You don't need to monitor for user activity. Merely setting a very low priority makes for a responsive system. The Microsoft Indexing service follows this approach.

 - Recently used documents (perhaps an extended version) allows the
medusa user-space indexing daemon to find new areas of the disk where
people keep files that the system indexer wasn't able to access. That
means that even if the files in /Music aren't readable by nobody, if you
access a file in /Music the user space medusa will find that directory
and start indexing it. (This is a touchy point, may not be good, may be,
hard to say)

* we don't want a hundred PCs indexing the NFS server each. we want the search service to delegate queries to NFS servers, so as to avoid network load and wasted disk space

Yes, very important. Medusa currently avoids indexing NFS mountpoints,
but doesn't do anything to solve the "searching nfs mounts" problem.
However, there's no reason medusa can't be extended to do this. It will
certainely be easier then starting from scratch.

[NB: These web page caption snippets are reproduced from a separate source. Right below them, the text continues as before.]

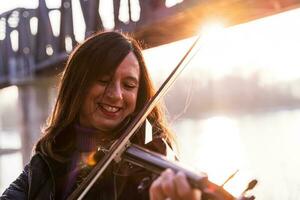 attractive middle aged woman playing an electric violin outdoors photo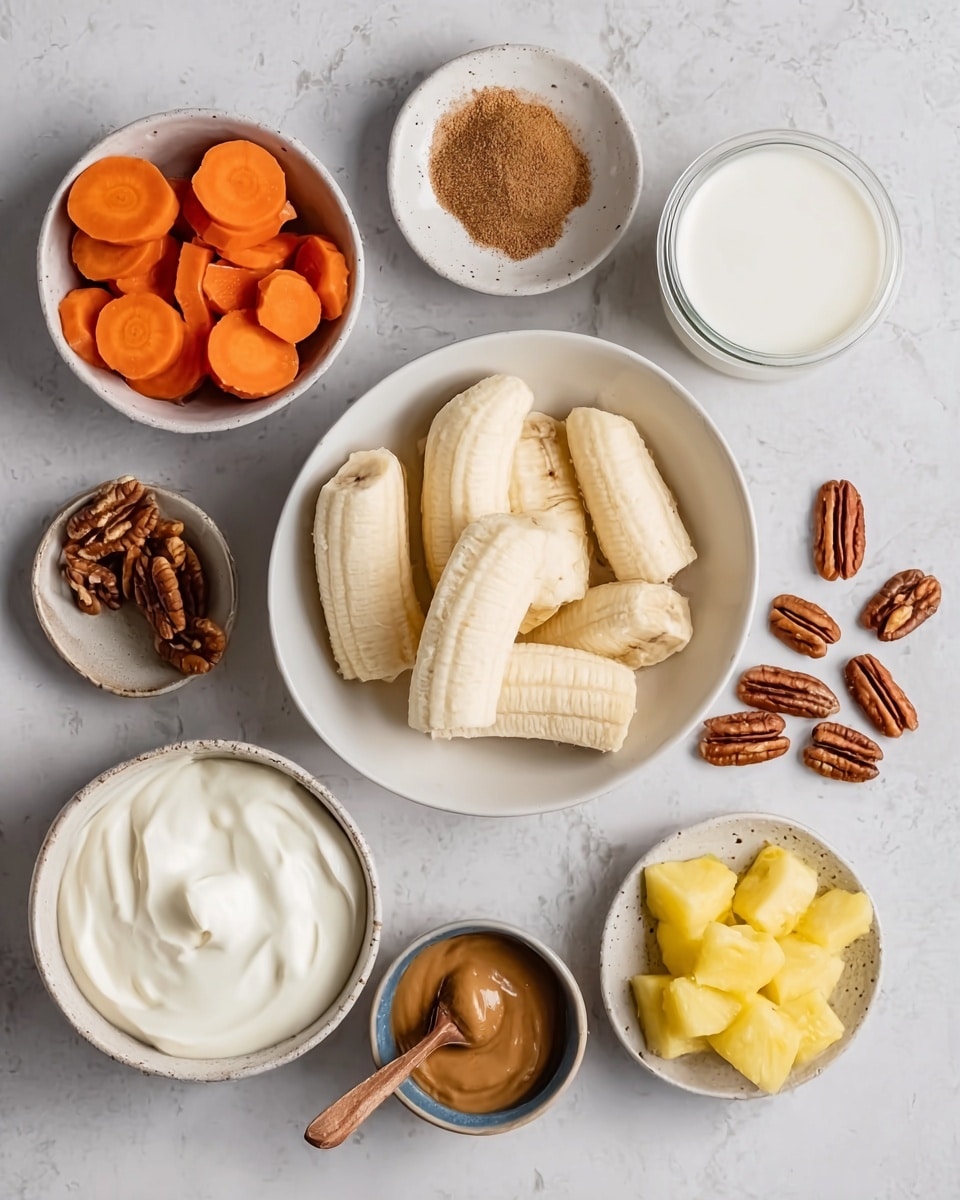 The image shows several small white bowls placed on a white marbled surface, each filled with different ingredients. One large white bowl in the center contains peeled bananas cut into thick pieces with a smooth pale yellow color and soft texture. To the left is a small white bowl filled with round sliced bright orange carrots. Below it is another white bowl with creamy white yogurt, smooth and thick in texture. Below the yogurt is a small white bowl filled with a dark brown liquid, likely vanilla extract. To the bottom right, a white bowl holds yellow pineapple chunks with a juicy texture. To the right, a small brown dish contains a light brown almond butter with a spoon inside. At the top right, there is a clear glass container with white coconut milk. Scattered around are pecan halves and a small white plate with brown cinnamon powder. Photo taken with an iphone --ar 4:5 --v 7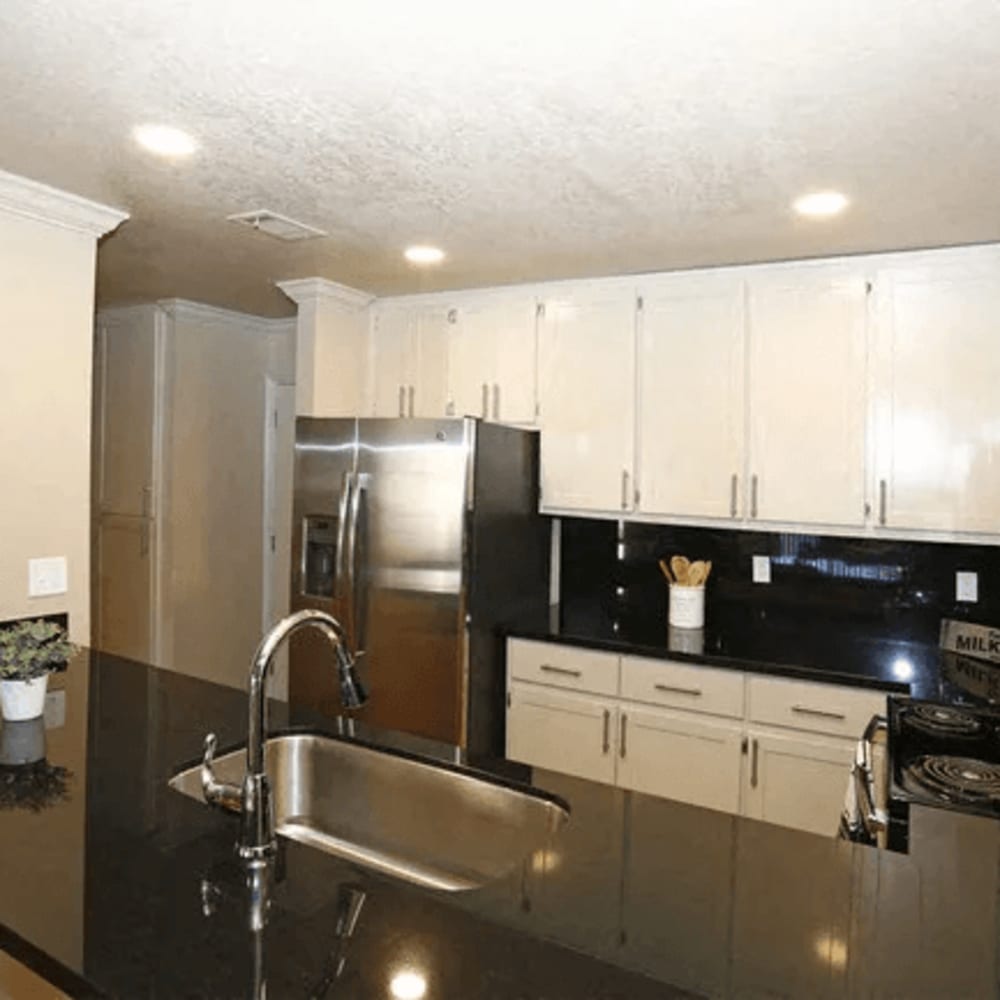 Kitchen with wood-style flooring, granite countertops, and stainless-steel appliances at Quailwood Apartments in Stockton, California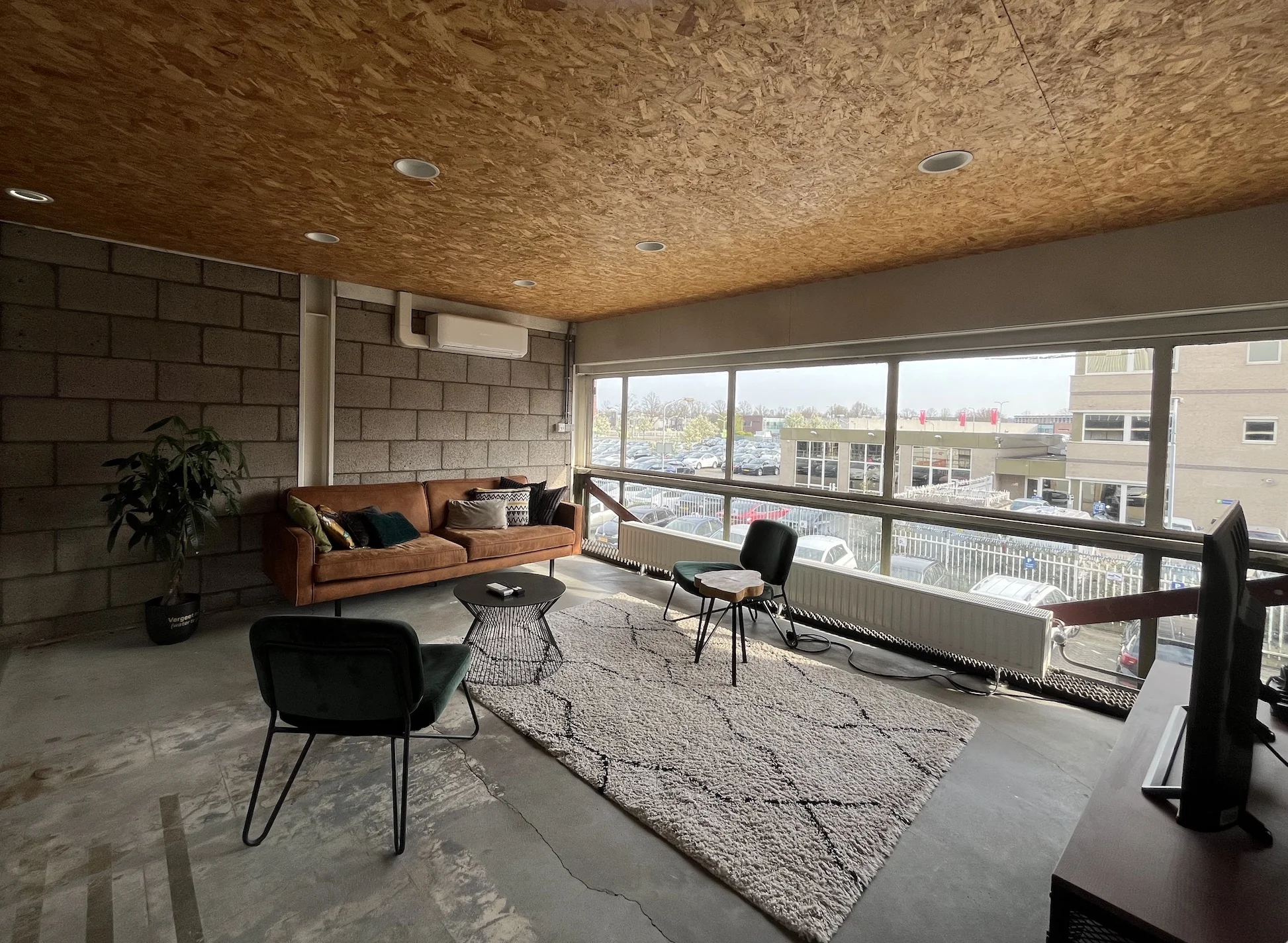 Moderne kantoorruimte aan de Eendrachtlaan met industriële inrichting, grote ramen en uitzicht op een parkeerterrein.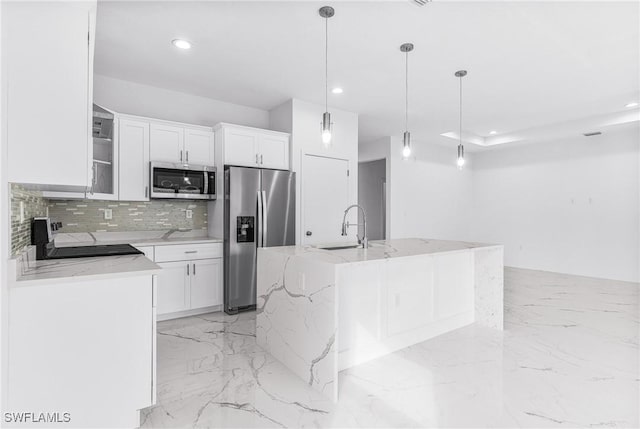 7029 Palpano Cir, Labelle, FL 33935 - kitchen featuring stainless steel appliances, recessed lighting, white cabinetry, tasteful backsplash, and hanging light fixtures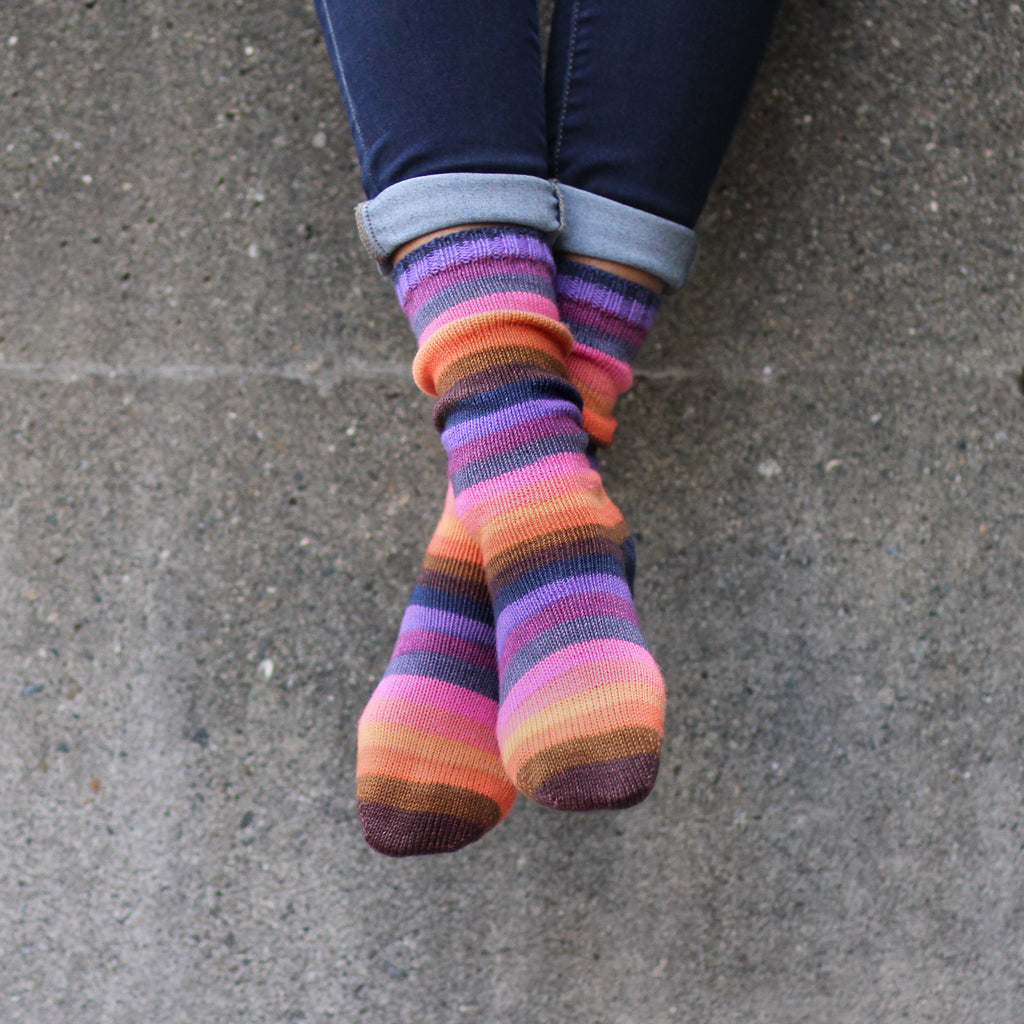 Azurite D orange and purple self striping classic sock yarn from gauge dye works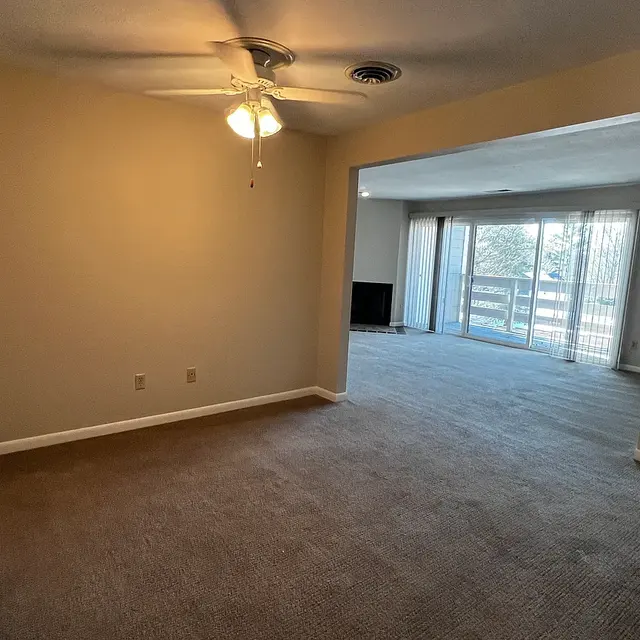 An open living space showing a room with carpet flooring, a ceiling fan, and a large window allowing natural light. In the background, there's another room with sliding glass doors leading to an outdoor area.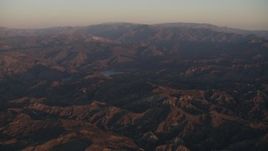 4K aerial stock footage Approach a lake in the Los Padres National Forest at sunrise, California Aerial Stock Footage | AX70_006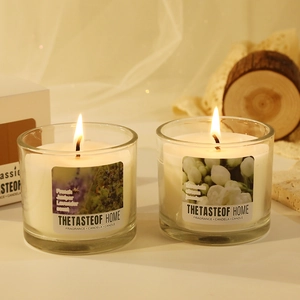 Two glass scented candles with wooden lids featuring lavender and jasmine in a cozy setting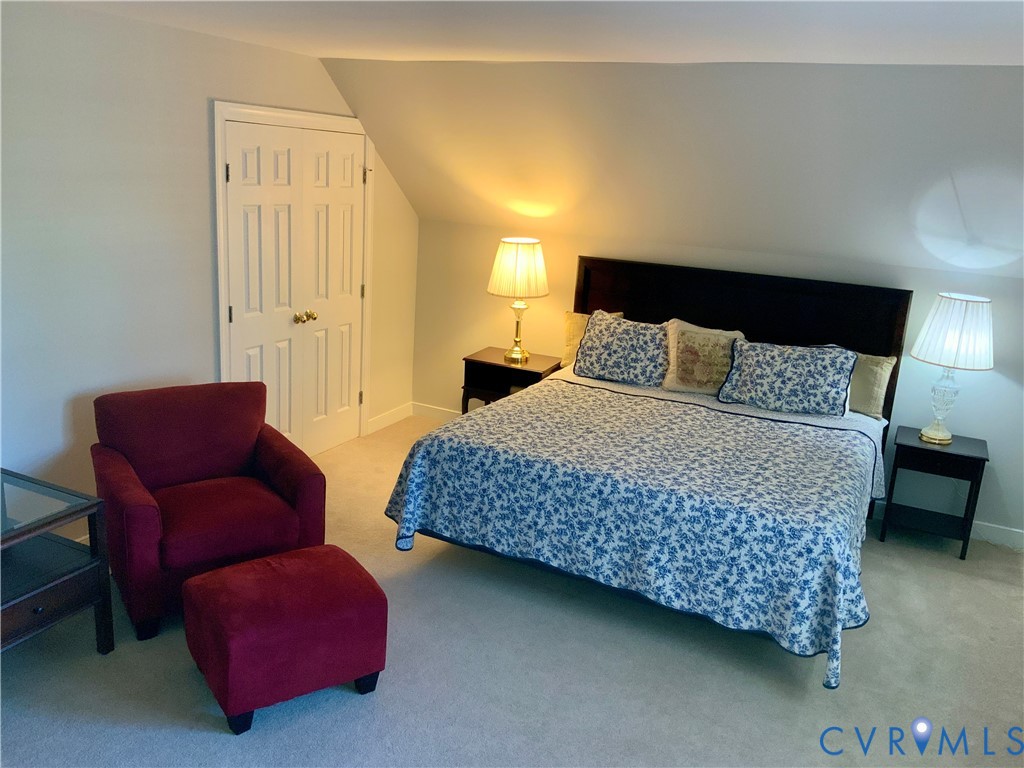 15801 Hampton Summit Lane Chesterfield, VA 23832 - Photo 27 of 42 a bedroom with bed and a couch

* as there is no documentation, we don't know if Medusa can index gigabytes of files, extract their data and metadata, and provide less-than-10 second query response. Our initial prospect for the database, PostgreSQL, can indeed provide less-than-10 second response for queries, provided the proper indexes are applied to the proper tables.

It would be quite possible to port Medusa to using a database as a
backend, or using database backends as an alternate source of
information. (BTW, you might consider looking at SQLite for the local
index case).

PostgreSQL was our choice. Full text indexing there. But Xapian shapes up as an amazing contender.

I'm assuming "enterprise-class" here is a euphamism for "networked".

plus sellable for lots of bucks.

=) luck.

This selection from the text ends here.